# I Can't Turn Off the RPGNow Bookshelf



## jaerdaph (Nov 5, 2006)

Every time I try to get rid of the bookshelf in my profile, I get an error message and it won't go away. I was a little surprised it is on by default, as I had turned off the bookshelf option for the old store. 

The bookshelf isn't even accurate - it lists products I've never bought, and I can't access the ones I have bought directly from the bookshelf, so it's also useless in the bookshelf capacity.

Thanks for looking in to this.


----------



## Pinotage (Nov 7, 2006)

Trying to get rid of mine as well, but I can't seem to even see how to do it. Anybody want to fill me in on how I can remove the bookshelf feature?

Thanks.

Pinotage


----------



## jaerdaph (Nov 7, 2006)

Pinotage said:
			
		

> Trying to get rid of mine as well, but I can't seem to even see how to do it. Anybody want to fill me in on how I can remove the bookshelf feature?




Go to My Account -> My User Control Panel above and click. On the left hand side Control Panel of the page that comes up, select  Edit Options. There should be a Show Bookshelf Link check box third item down on the page. 

Trouble is, when I uncheck it, I get this:

_There seems to have been a slight problem with the EN World - Morrus' D&D / d20 News & Reviews Site database.
Please try again by pressing the refresh button in your browser.

An E-Mail has been dispatched to our Technical Staff, who you can also contact if the problem persists.

We apologise for any inconvenience._


----------



## jaerdaph (Nov 7, 2006)

Workaround: change your default EN World email address to an email address not associated with RPGNow.


----------



## Morrus (Nov 7, 2006)

I've asked Chris to take a look at it.


----------



## Twin Rose (Nov 7, 2006)

Alright, this should be working okay now.  Terribly sorry about that!

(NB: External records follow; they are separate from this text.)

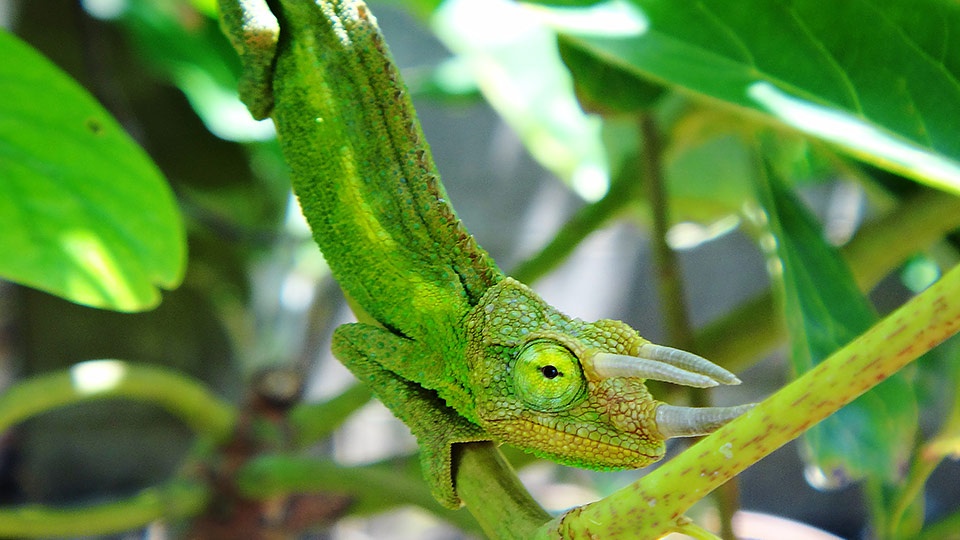 Top Maui Animals Jackson Chameleon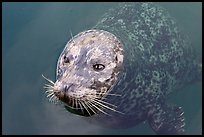 Harbor seal. Victoria, British Columbia, Canada (color)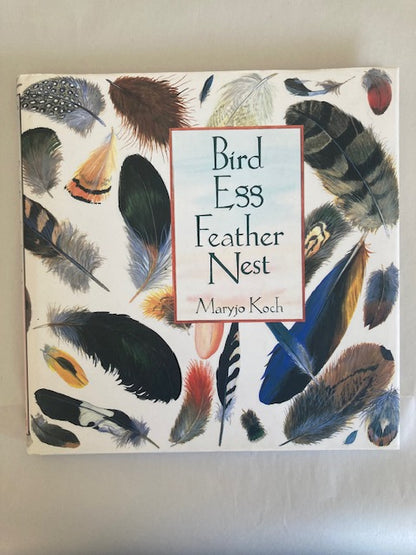 Bird Egg Feather Nest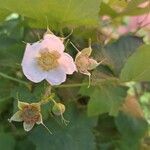 Rubus parviflorus फूल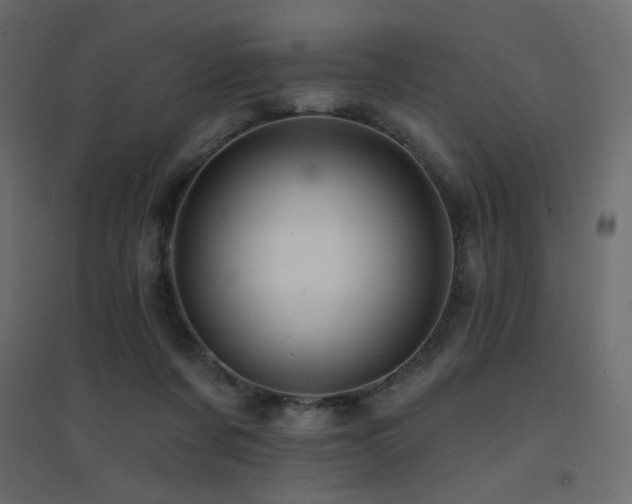 X0000094900311200711291238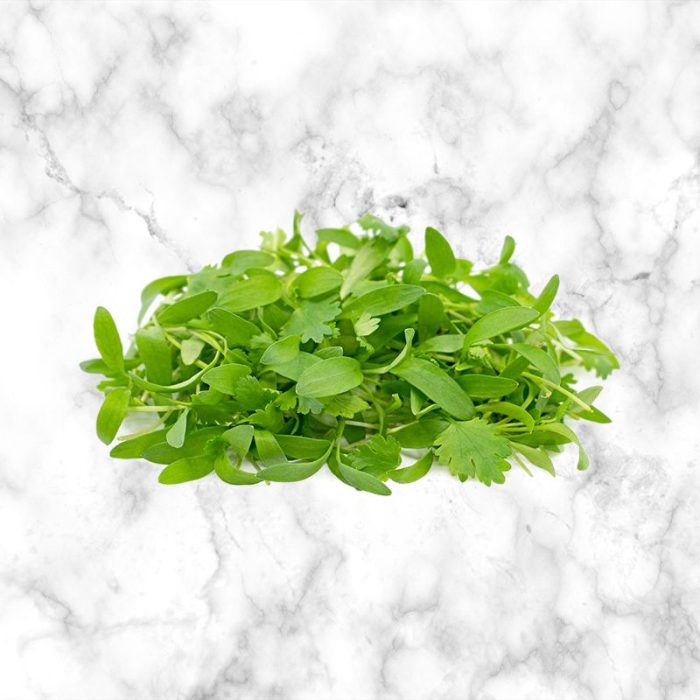 fresh_coriander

As far as improper products being showed, this is beyond my scope.  I have NO idea what the bookshelf display code looks like on their end, but as far as I know, it's their database of customers and what they bought.  The same database they'd use if you asked for a re-download or whatever.


----------



## Umbran (Nov 7, 2006)

I herby verify that the fix seems to be working.  Thank you, Chris!


----------



## Zoatebix (Jun 23, 2007)

I receive the following error message when I try to turn off My RPGNow BookShelf:

Warning: fopen(http://...@hotmail.com) [function.fopen]: failed to open stream: No route to host in /shop/functions_rpgnow.php on line 142

Unable to open remote file.

I'll try jaerdaph's workaround.

Edit: I get the same error message when I try to change my email   
-George

Second Edit: The error message has one difference: "(http://...@gmail.com)" instead of @hotmail in the original error - I tried to change my email address from zoatebix@hotmail.com to george.c.austin@gmail.com


----------



## Zoatebix (Aug 24, 2007)

In other news - I tried to change my email again today, and received the following error message:


> Warning: fopen(http://...@gmail.com) [function.fopen]: failed to open stream: No route to host in /shop/functions_rpgnow.php on line 142
> 
> Unable to open remote file.



This message appeared regardless of whether I used IE 7 or Firefox.

Help!


----------



## jdrakeh (Aug 25, 2007)

I would love to _enable_ the bookshelf link in my profile, though can't. I have the same email address at both RPGnow and ENworld, so it should work. But it doesn't.


----------



## Olgar Shiverstone (Aug 25, 2007)

I'd like to turn this off, but get the same message:



> Warning: fopen(http://...@aol.com) [function.fopen]: failed to open stream: No route to host in /shop/functions_rpgnow.php on line 142
> 
> Unable to open remote file.




I'd like to turn off my ability to see other peoples' bookhelfs, too, since the icon doesn't stealth in Stealth mode, but that's a separate issue.


----------